BEGIN Exercise materials
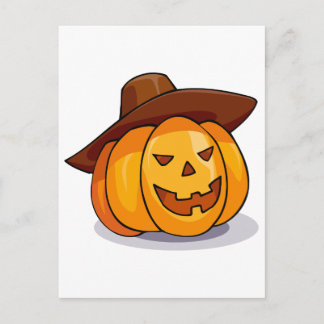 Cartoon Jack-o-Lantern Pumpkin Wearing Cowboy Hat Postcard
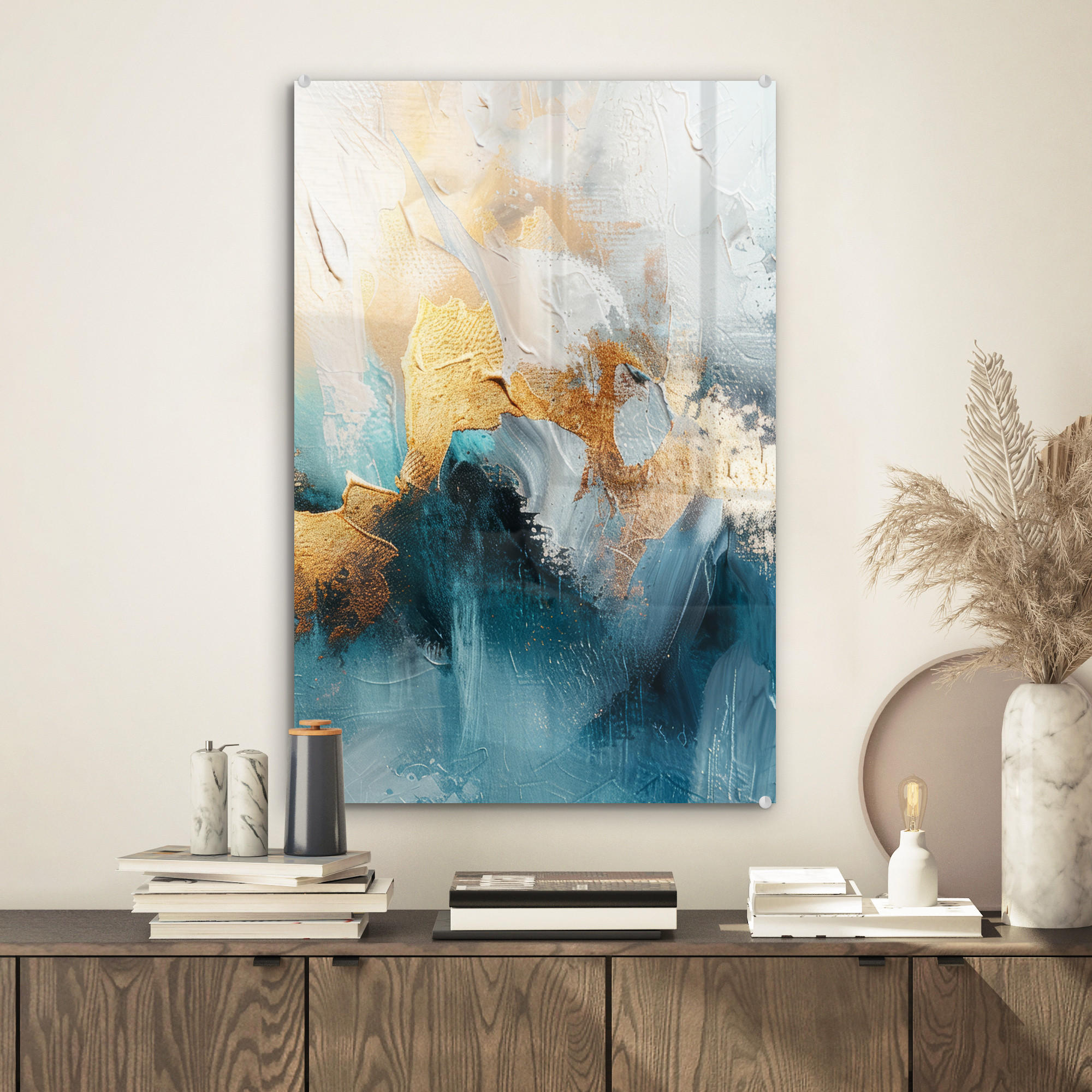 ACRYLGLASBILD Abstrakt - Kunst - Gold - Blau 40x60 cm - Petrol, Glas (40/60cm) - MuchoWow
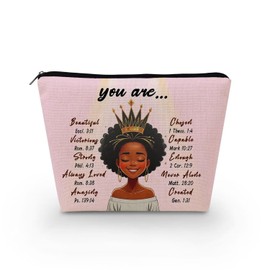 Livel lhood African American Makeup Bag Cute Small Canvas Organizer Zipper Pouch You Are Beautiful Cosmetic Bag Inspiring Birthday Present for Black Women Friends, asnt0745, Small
END Exercise materials
BEGIN Exercise materials
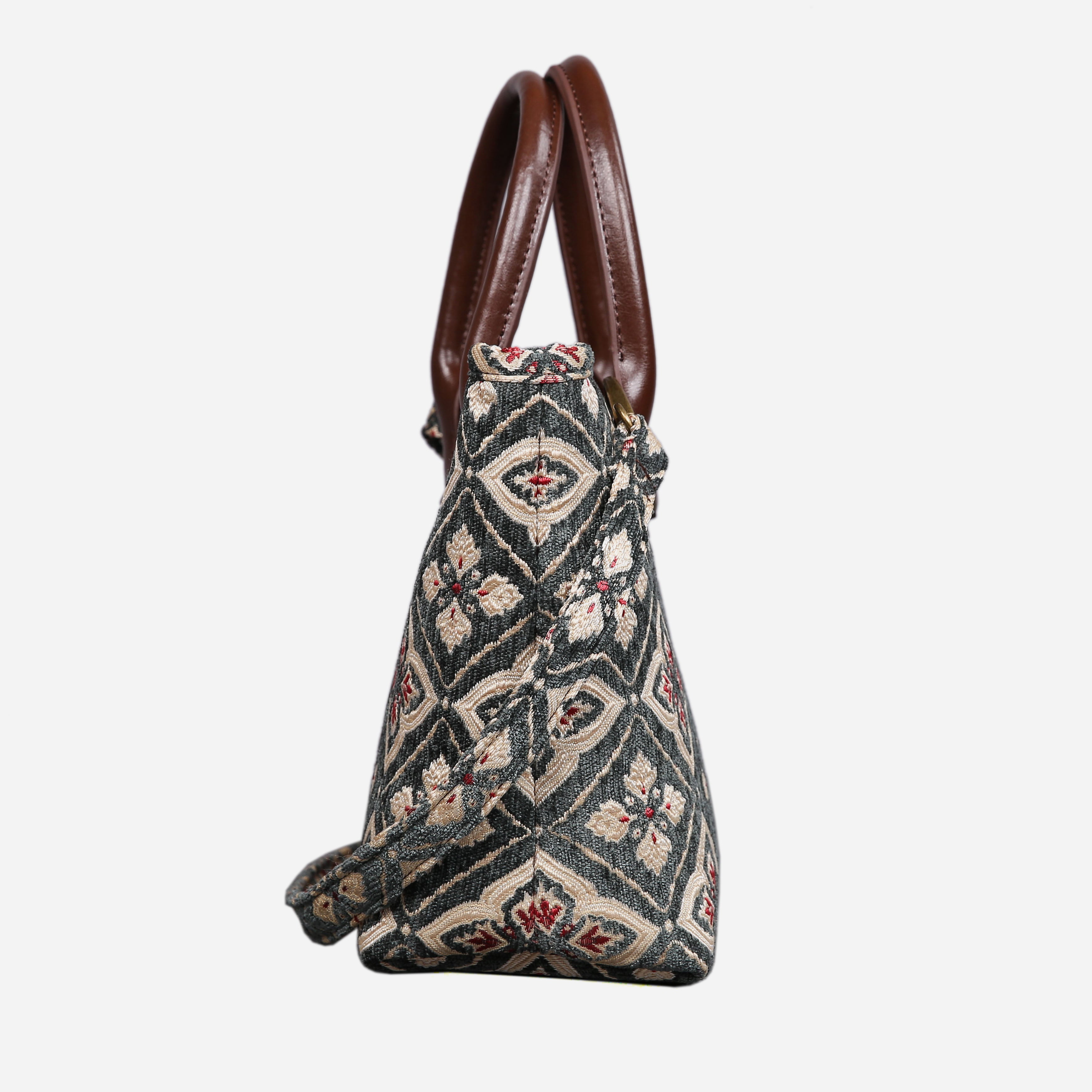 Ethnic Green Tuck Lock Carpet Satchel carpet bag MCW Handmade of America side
END Exercise materials
Start at the line above containing "Cartoon Jack-o-Lantern Pumpkin" and stop at the line containing "Livel lhood African": print those lines and everything between them exactly, but not the pictures.

 Cartoon Jack-o-Lantern Pumpkin Wearing Cowboy Hat Postcard
 ACRYLGLASBILD Abstrakt - Kunst - Gold - Blau 40x60 cm - Petrol, Glas (40/60cm) - MuchoWow
 Livel lhood African American Makeup Bag Cute Small Canvas Organizer Zipper Pouch You Are Beautiful Cosmetic Bag Inspiring Birthday Present for Black Women Friends, asnt0745, Small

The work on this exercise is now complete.